• Task requirements: Reproduce all the data exactly, without pictures.

• Supplied information:
=======

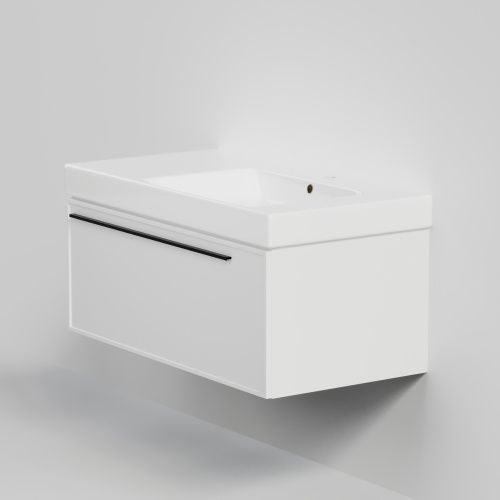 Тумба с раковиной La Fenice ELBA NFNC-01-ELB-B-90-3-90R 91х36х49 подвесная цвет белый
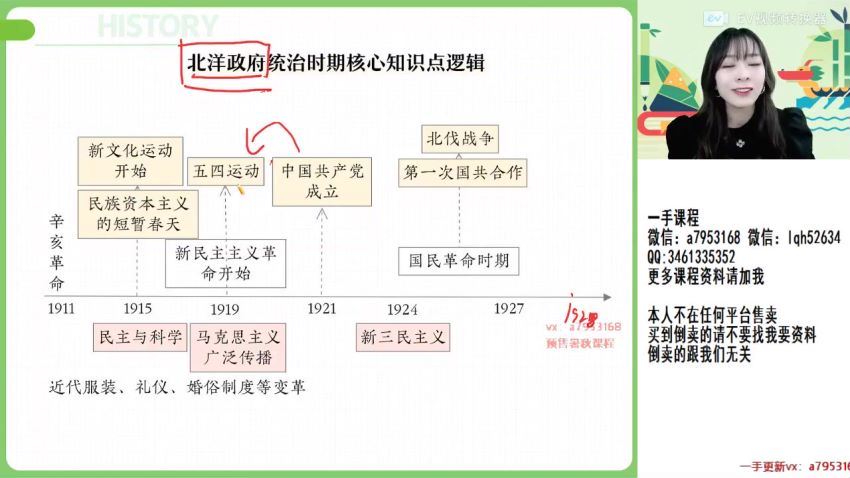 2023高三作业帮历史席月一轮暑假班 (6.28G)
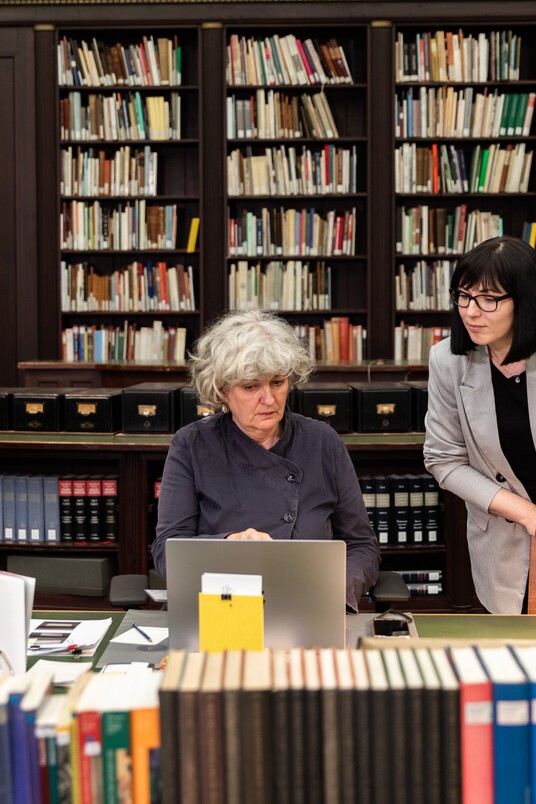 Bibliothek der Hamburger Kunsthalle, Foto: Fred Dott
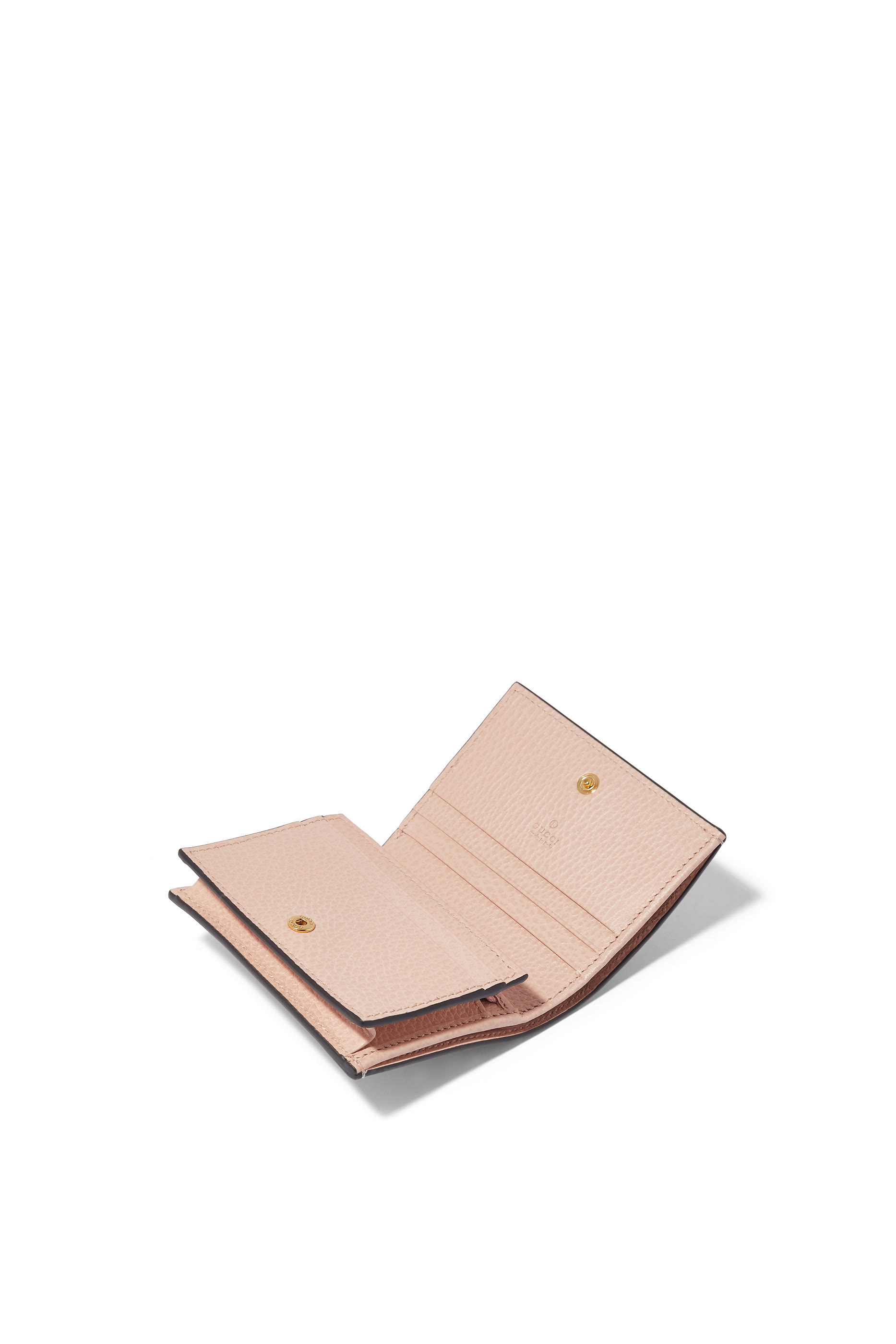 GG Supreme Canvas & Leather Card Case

=======

• Solution below:
 Тумба с раковиной La Fenice ELBA NFNC-01-ELB-B-90-3-90R 91х36х49 подвесная цвет белый
 2023高三作业帮历史席月一轮暑假班 (6.28G)
 Bibliothek der Hamburger Kunsthalle, Foto: Fred Dott
 GG Supreme Canvas & Leather Card Case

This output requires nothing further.